What you have to do: In the entries that follow, find the line containing "So, if we go" and the line containing "And then down", then retype exactly the lines from the first through the second, pictures excluded.

Supplied data:
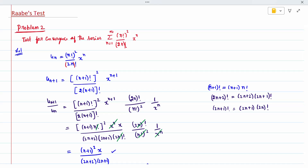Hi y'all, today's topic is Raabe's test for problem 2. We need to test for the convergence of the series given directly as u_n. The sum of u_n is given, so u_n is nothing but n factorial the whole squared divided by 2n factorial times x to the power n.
---
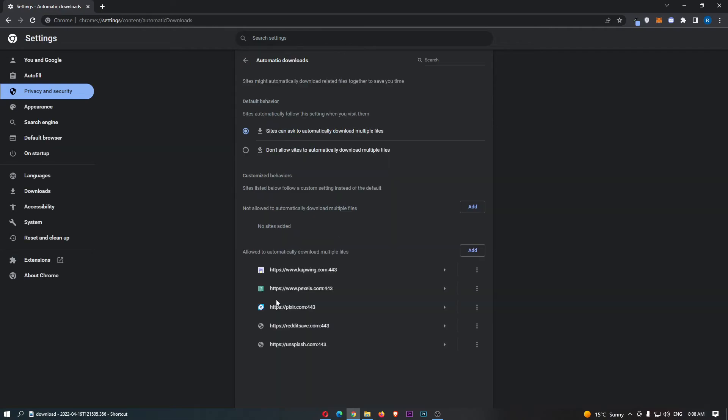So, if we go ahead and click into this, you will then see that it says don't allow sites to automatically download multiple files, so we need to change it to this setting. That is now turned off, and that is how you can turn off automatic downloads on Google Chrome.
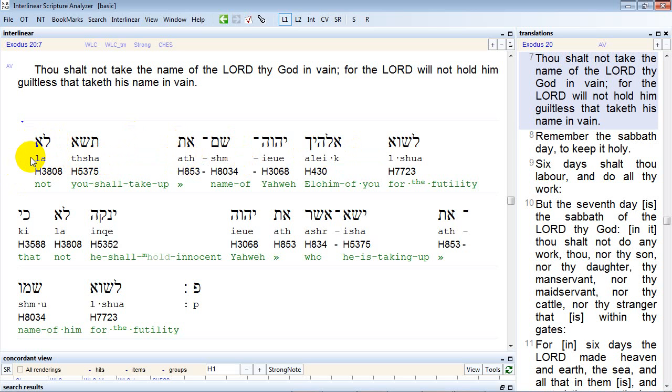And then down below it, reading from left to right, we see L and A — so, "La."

Problem solution:
So, if we go ahead and click into this, you will then see that it says don't allow sites to automatically download multiple files, so we need to change it to this setting. That is now turned off, and that is how you can turn off automatic downloads on Google Chrome.
And then down below it, reading from left to right, we see L and A — so, "La."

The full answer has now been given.